Pontianak (ANTARA) - Bupati Sintang, Jarot Winarno menargetkan luas areal perusahaan untuk tanaman sawit di wilayah itu maksimal 200 ribu hektare dari yang sudah ditanam saat ini 174 ribu hektare.
"Dua perusahaan sawit sudah RSPO, 8 perusahaan lainnya sudah ISPO. Sisanya sedang dalam proses. Kami sedang menyusun rencana induk perkebunan Kabupaten Sintang. Kami akan membuat batas toleransi luasan sawit perusahaan di Kabupaten Sintang yakni tidak lebih dari 200 ribu hektare sawit saja," papar Jarot saat dihubungi di Sintang, Kamis.
Namun untuk kebun sawit kecil dan koperasi milik masyarakat, masih dibolehkan. Sisanya menjadi hutan dan perkebunan lain bukan sawit seperti kopi, kakao, teh, sengkubak dan tanaman lain.
"Lokasi sawit ini ada di pedalaman yang jauh dari pusat kota, sehingga kontribusi sawit terhadap penurunan angka kemiskinan adalah terbukanya akses jalan menuju desa dan kampung," ungkapnya.
Ia menegaskan, pihaknya sudah melakukan langkah untuk meminimalisir berbagai potensi konflik perkebunan sawit. Seperti merevisi izin lokasi yang tumpang tindih, melakukan evaluasi setiap izin lokasi yang sudah berakhir masa berlakunya, meningkatkan peran serta masyarakat serta multi stakeholders dan mengimplementasikan satu peta dan satu data.
"Kami juga sudah membentuk Forum Koordinasi Kelapa Sawit Berkelanjutan Kabupaten Sintang dan sudah melaksanakan 13 langkah untuk untuk menuju RSPO dan ISPO seluruh kebun sawit di Kabupaten Sintang," kata dia.
Untuk mendukung sawit yang berkelanjutan, ia juga sudah dan akan mengeluarkan 7 keputusan diantaranya tentang tanggung jawab sosial perusahaan, pembangunan tanah kas desa, rencana aksi daerah kelapa sawit berkelanjutan, draft Peraturan Bupati Sintang tentang kawasan penting Kabupaten Sintang dan draft Peraturan Bupati Sintang tentang rencana induk perkebunan Kabupaten Sintang.
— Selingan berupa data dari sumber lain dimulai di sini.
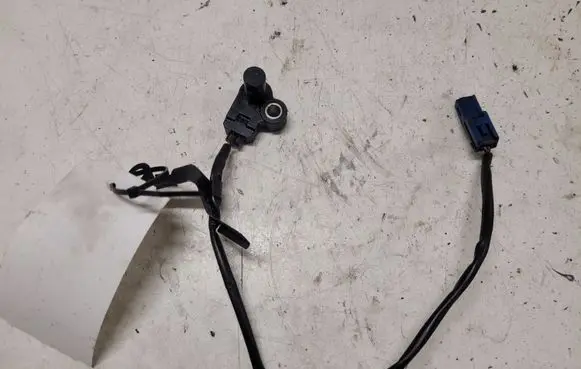 Toyota Avensis T250 ABS brake wheel speed sensor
Dikatakan Jarot, Pemprov Kalbar sudah mewajibkan setiap perusahaan untuk membuat tujuh persen HGU dalam bentuk hutan.
"Kita juga sudah mencabut 10 izin perusahaan sawit karena masalah performance perusahaan dan tumbang tindih lahan dengan perusahaan lain. Bagi kami, kebun sawit yang menyejahterakan itu harus ada kemitraan, membina desa binaan, sustainabillity, mengikuti standar ISPO dan RSPO, izin dari tokoh masyarakat setempat karena mereka yang tahu dimana kuburan dan tembawang, pemetaan yang melibatkan masyarakat, dan harus ada wilayah konservasi,” jelas Bupati Sintang.
Sementara itu, Erlangga, Peneliti Muda Yayasan Madani Berkelanjutan menyampaikan data soal perkebunan kelapa sawit dan kemiskinan di Kalimantan Barat. Ia mengatakan, Ketapang menjadi kabupaten yang memiliki lahan perkebunan sawit terluas menyusul Sanggau dan Sintang.
"Saya sangat menyayangkan lahan sawit yang luas tapi belum memberikan kontribusi yang baik bagi kemajuan desa dan penurunan angka kemiskinan. Kami berharap Pemda melakukan inovasi untuk mendorong kehadiran perkebunan kelapa sawit ini mampu menyejahterakan masyarakat,” pinta Erlangga.